[Captioned web image data]
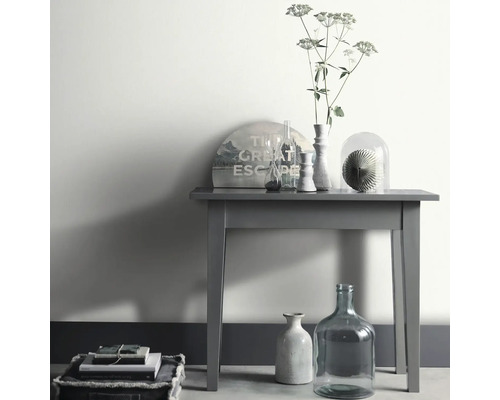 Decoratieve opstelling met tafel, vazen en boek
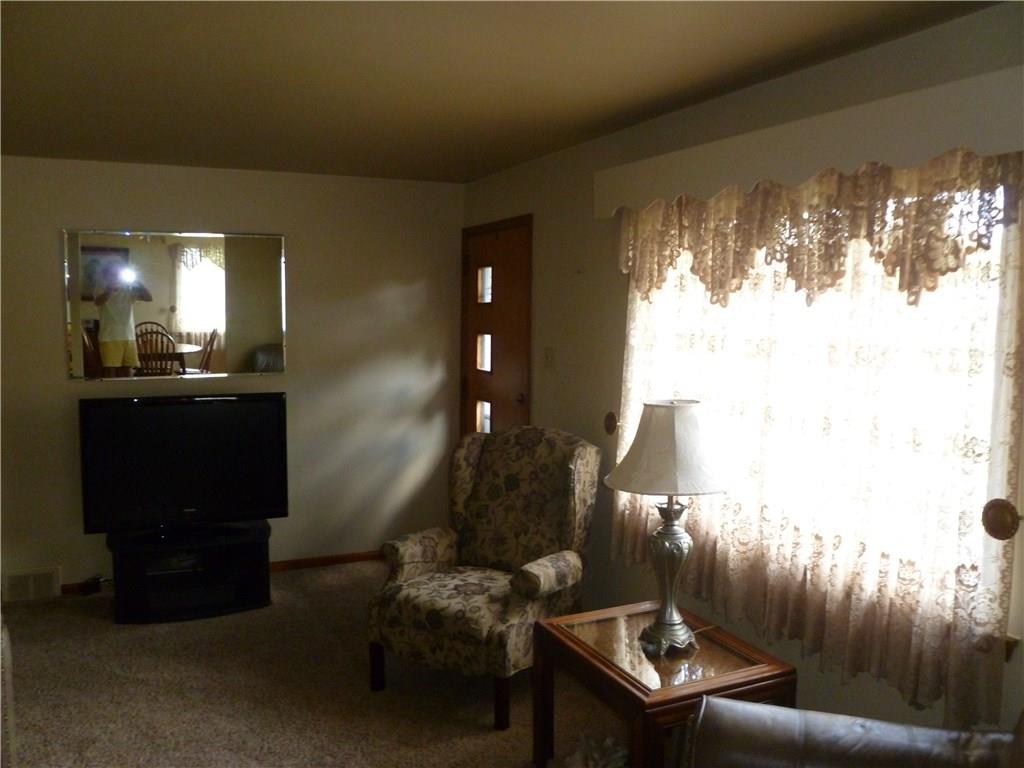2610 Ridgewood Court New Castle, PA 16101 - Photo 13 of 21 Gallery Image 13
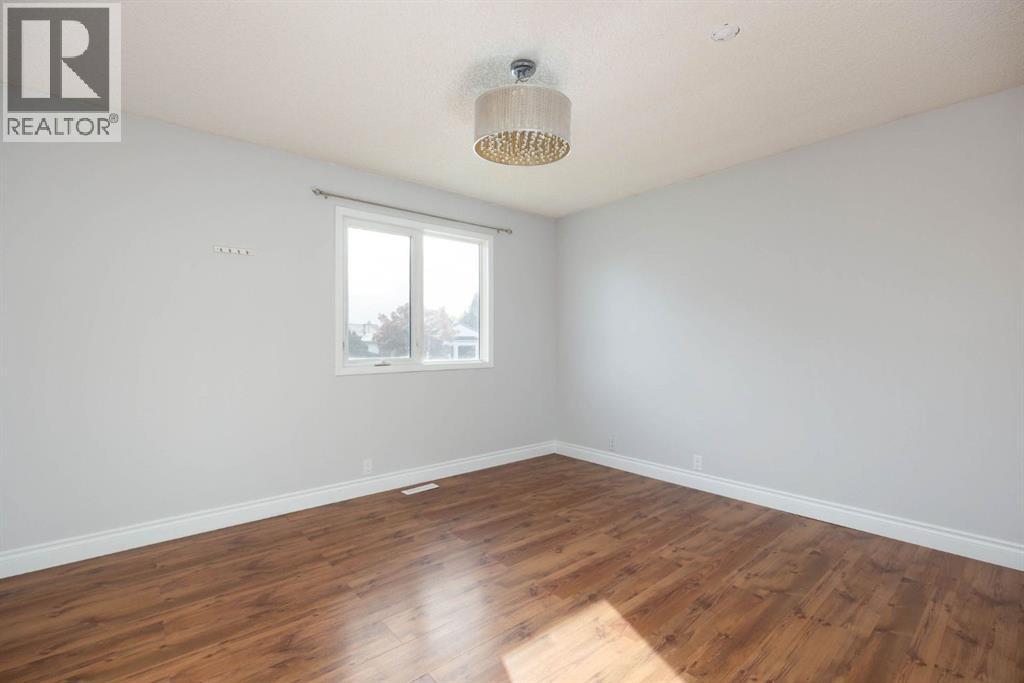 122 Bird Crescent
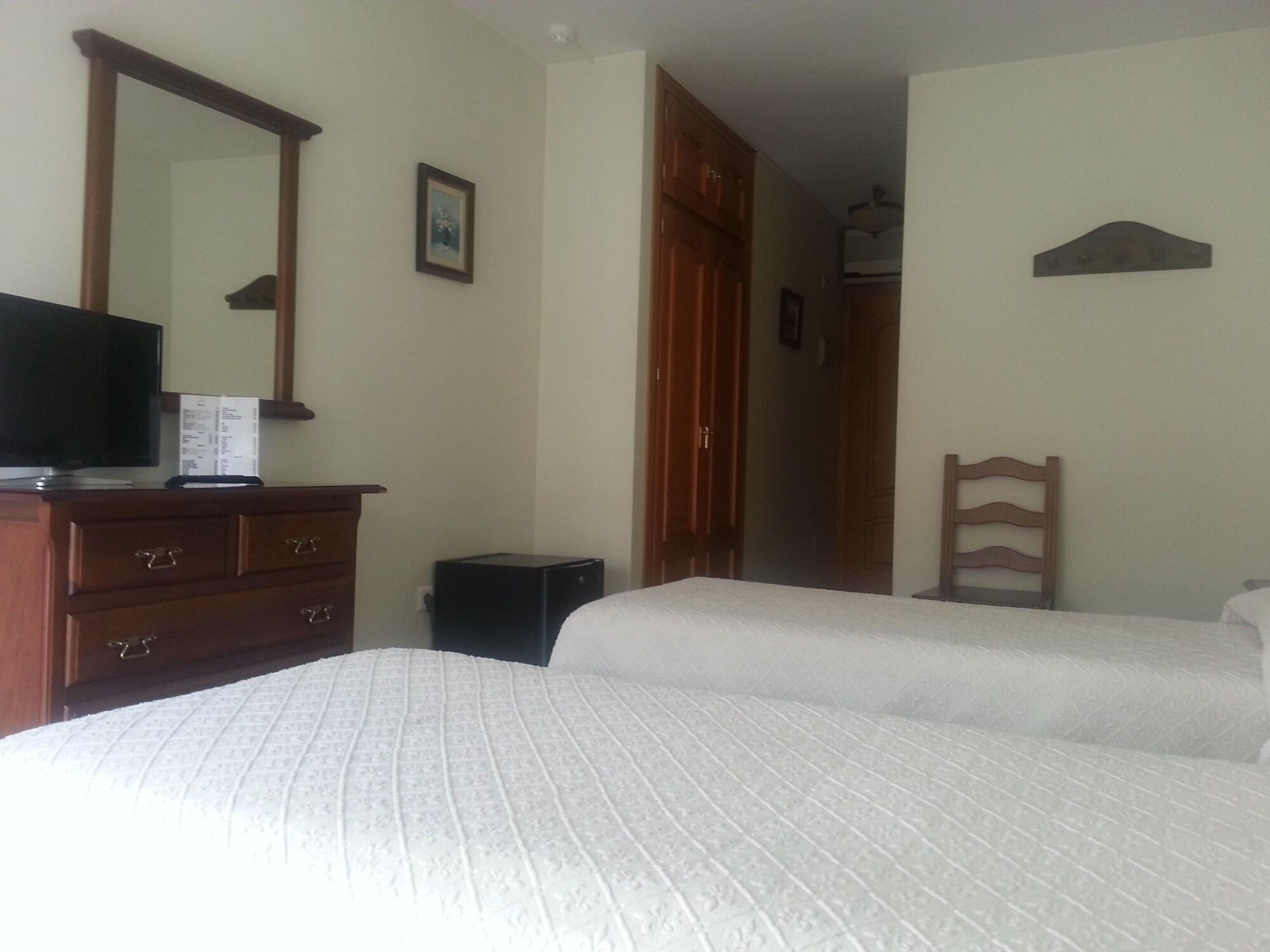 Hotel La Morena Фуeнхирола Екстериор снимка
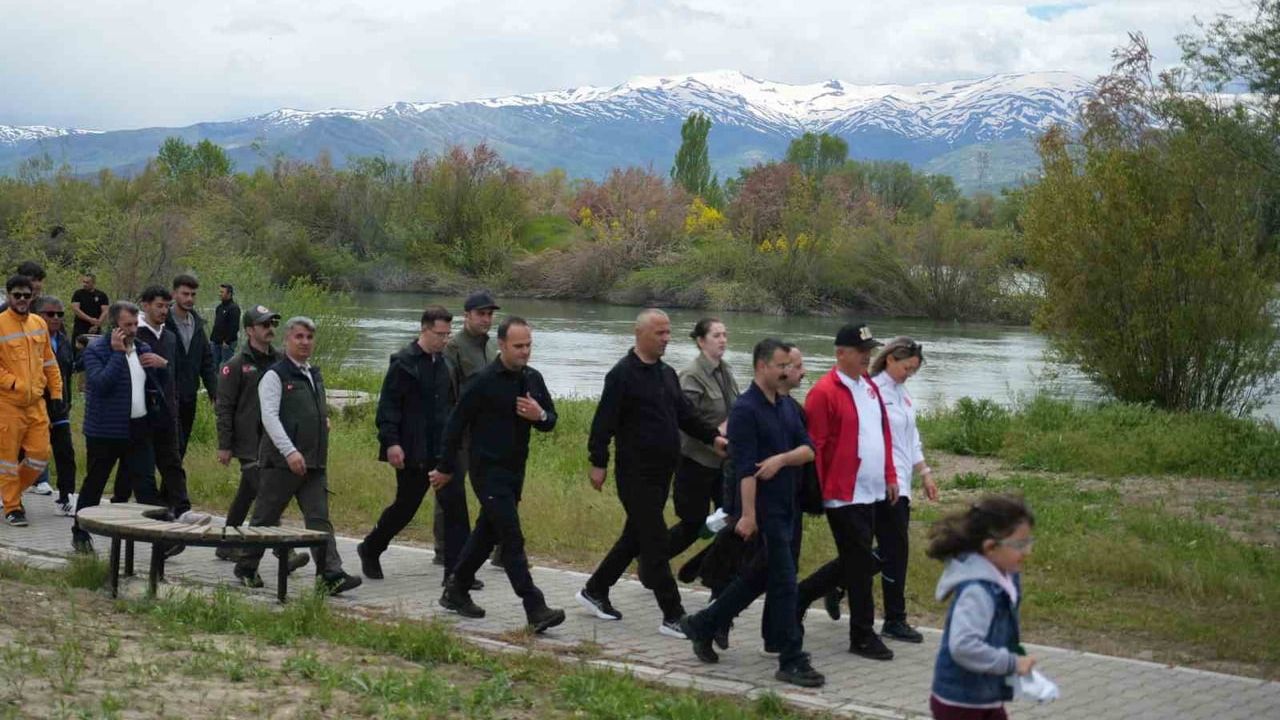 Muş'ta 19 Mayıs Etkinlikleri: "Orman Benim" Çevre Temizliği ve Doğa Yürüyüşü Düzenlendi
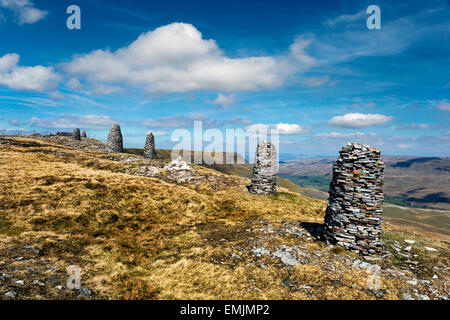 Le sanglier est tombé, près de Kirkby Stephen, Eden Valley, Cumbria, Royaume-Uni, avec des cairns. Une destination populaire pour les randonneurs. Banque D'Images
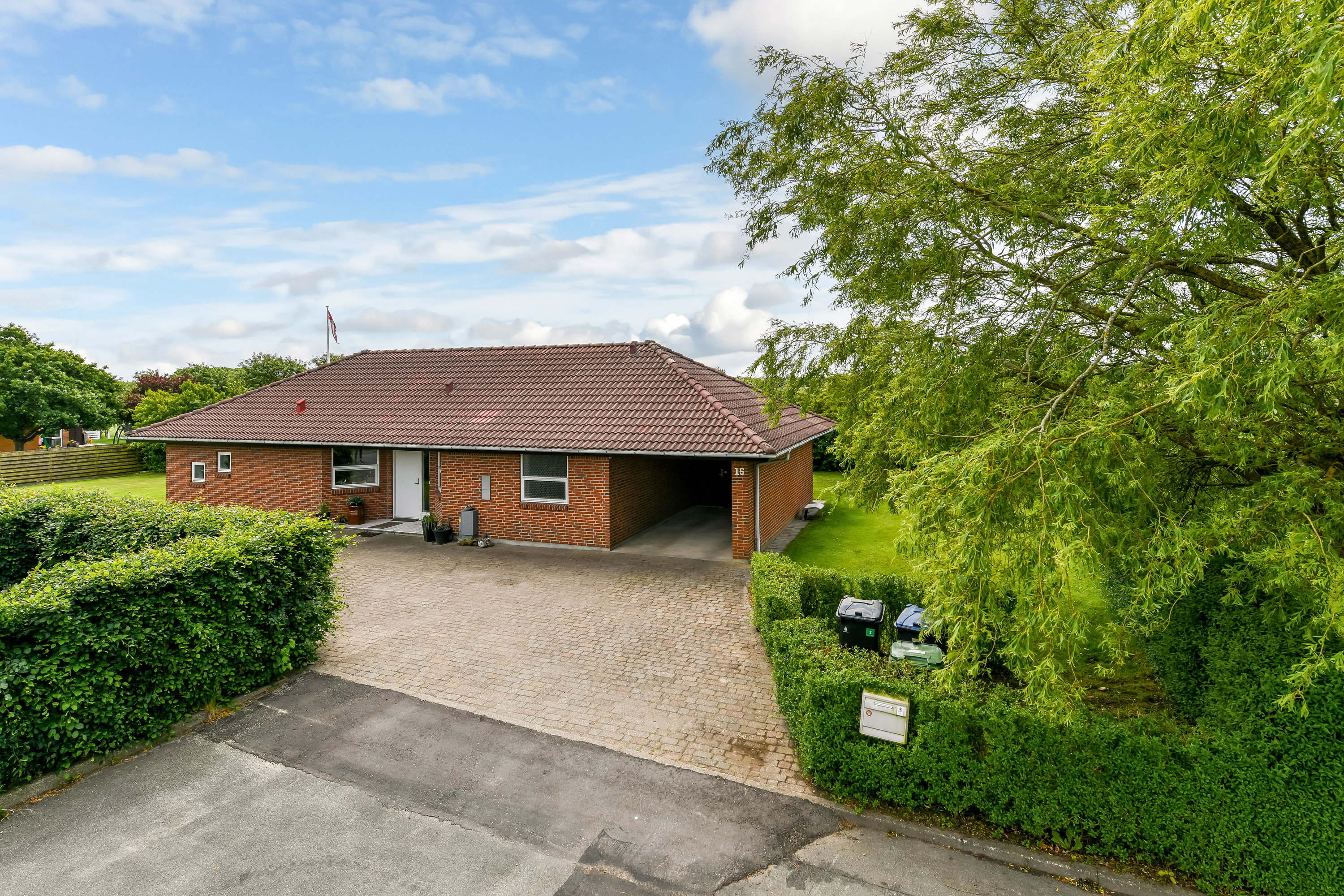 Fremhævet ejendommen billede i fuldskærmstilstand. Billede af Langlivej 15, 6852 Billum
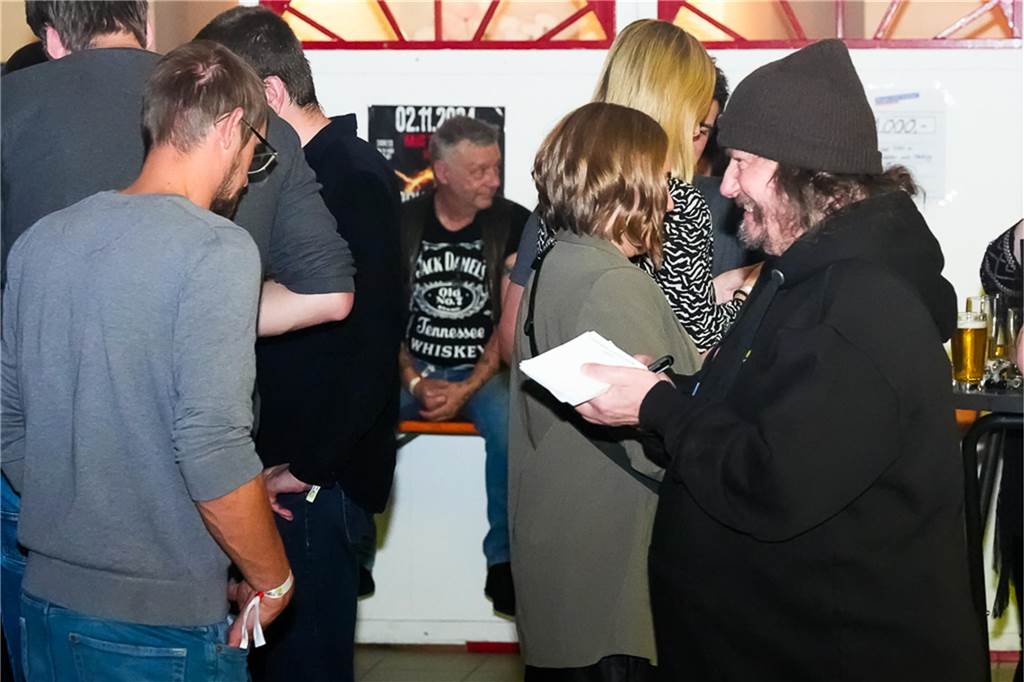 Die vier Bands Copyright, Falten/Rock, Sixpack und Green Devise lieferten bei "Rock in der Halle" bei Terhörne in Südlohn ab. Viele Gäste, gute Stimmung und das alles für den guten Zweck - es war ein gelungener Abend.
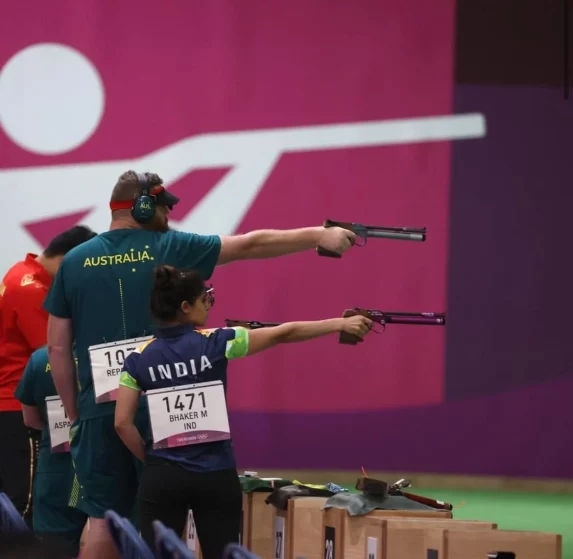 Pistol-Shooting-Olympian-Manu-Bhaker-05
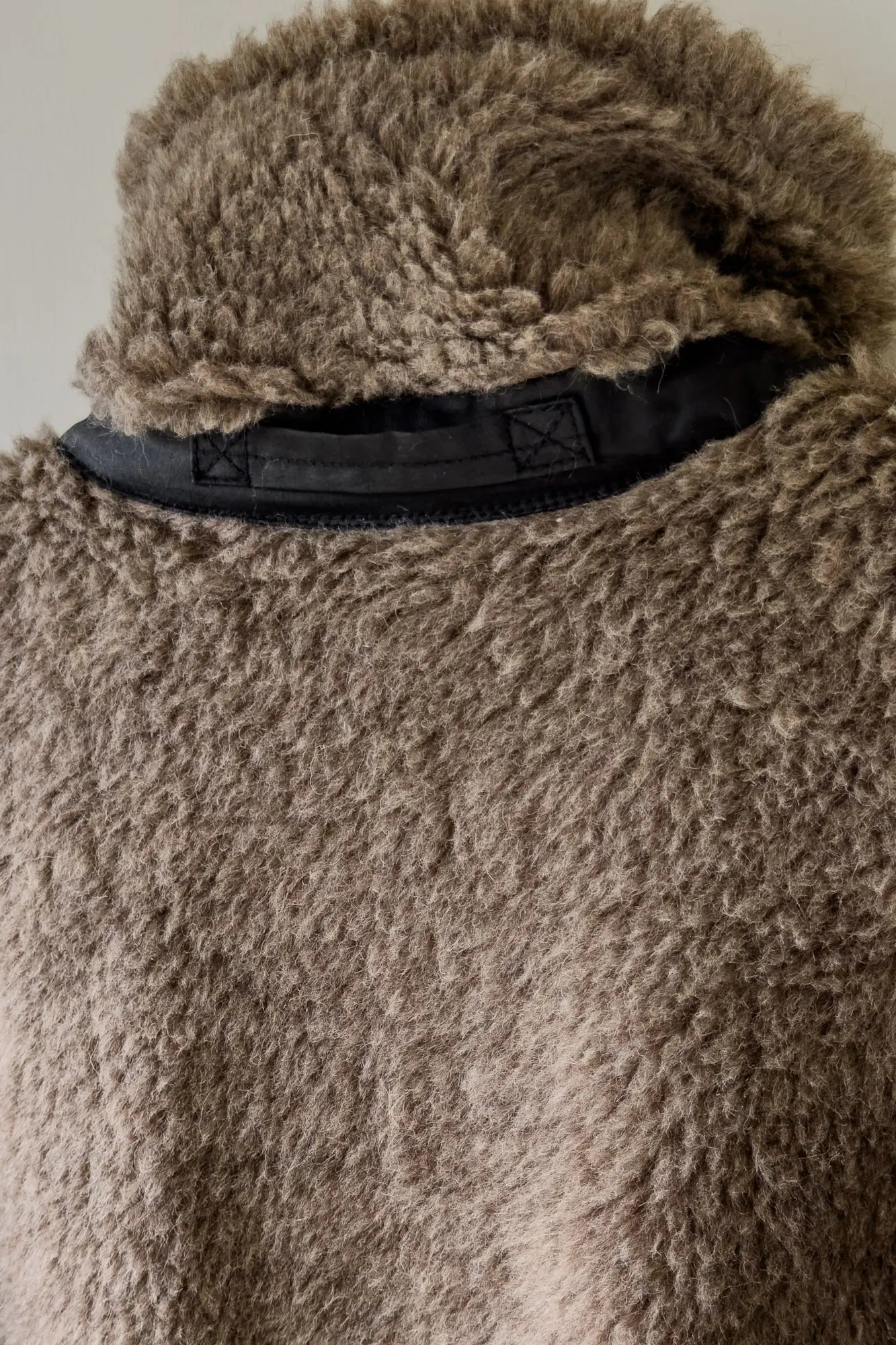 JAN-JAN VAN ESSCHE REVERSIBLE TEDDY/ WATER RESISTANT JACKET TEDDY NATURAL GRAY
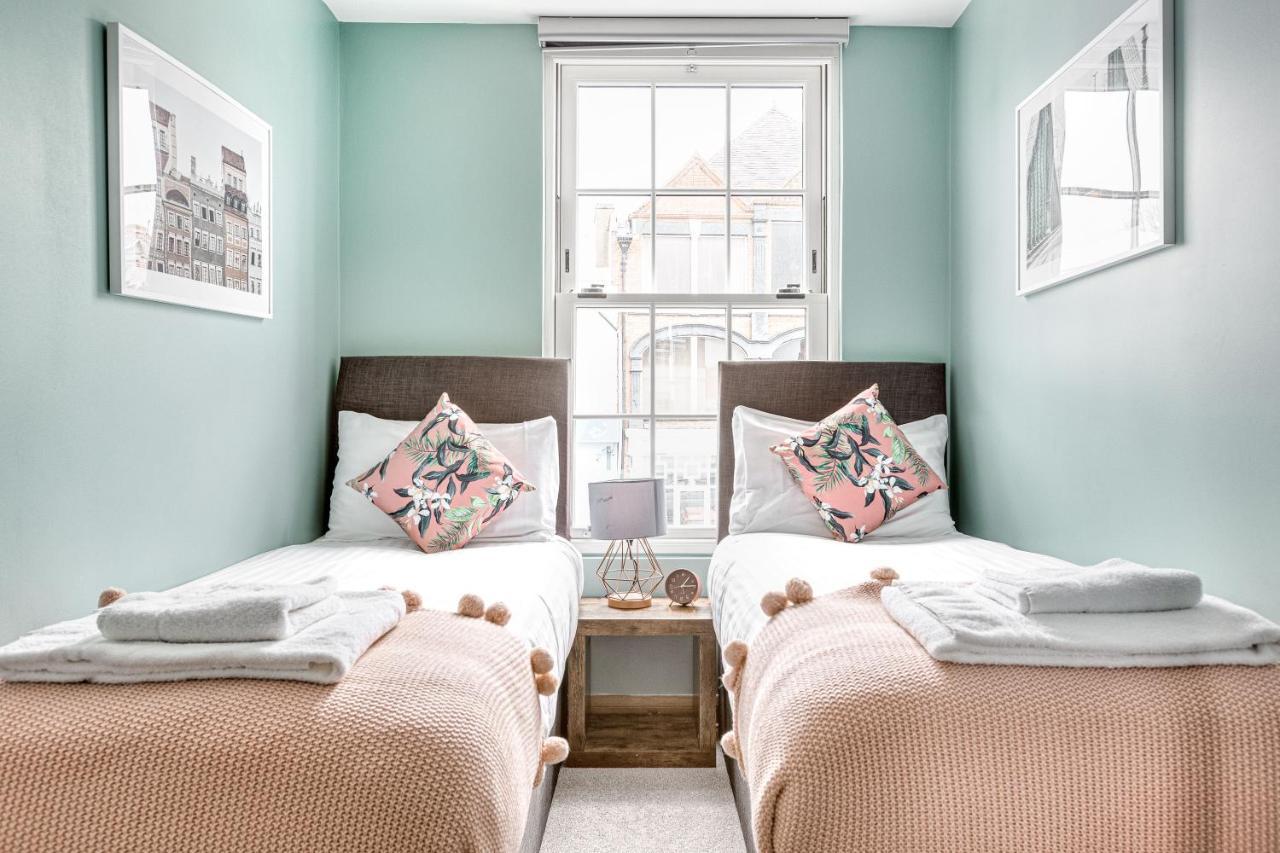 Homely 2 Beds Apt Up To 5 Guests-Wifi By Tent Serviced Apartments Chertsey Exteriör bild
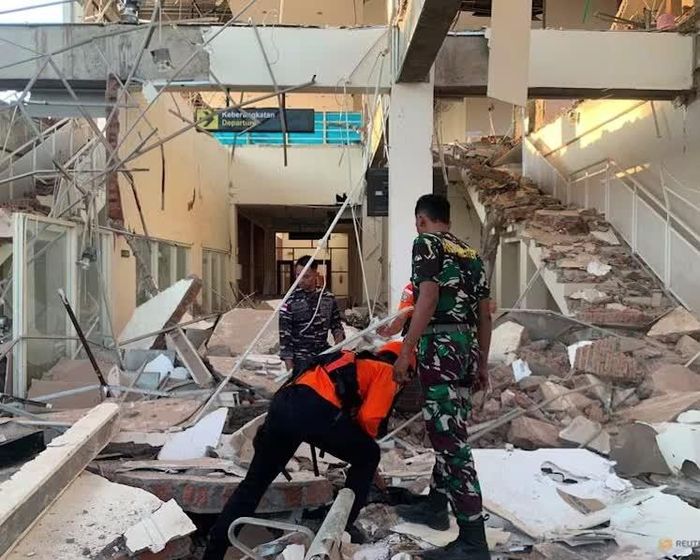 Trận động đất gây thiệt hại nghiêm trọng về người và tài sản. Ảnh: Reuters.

__Exercise brief__
Your copy should hold each line above exactly and no pictures at all.

__Response__
 Decoratieve opstelling met tafel, vazen en boek
2610 Ridgewood Court New Castle, PA 16101 - Photo 13 of 21 Gallery Image 13
 122 Bird Crescent
 Hotel La Morena Фуeнхирола Екстериор снимка
 Muş'ta 19 Mayıs Etkinlikleri: "Orman Benim" Çevre Temizliği ve Doğa Yürüyüşü Düzenlendi
 Le sanglier est tombé, près de Kirkby Stephen, Eden Valley, Cumbria, Royaume-Uni, avec des cairns. Une destination populaire pour les randonneurs. Banque D'Images
 Fremhævet ejendommen billede i fuldskærmstilstand. Billede af Langlivej 15, 6852 Billum
 Die vier Bands Copyright, Falten/Rock, Sixpack und Green Devise lieferten bei "Rock in der Halle" bei Terhörne in Südlohn ab. Viele Gäste, gute Stimmung und das alles für den guten Zweck - es war ein gelungener Abend.
 Pistol-Shooting-Olympian-Manu-Bhaker-05
 JAN-JAN VAN ESSCHE REVERSIBLE TEDDY/ WATER RESISTANT JACKET TEDDY NATURAL GRAY
 Homely 2 Beds Apt Up To 5 Guests-Wifi By Tent Serviced Apartments Chertsey Exteriör bild
 Trận động đất gây thiệt hại nghiêm trọng về người và tài sản. Ảnh: Reuters.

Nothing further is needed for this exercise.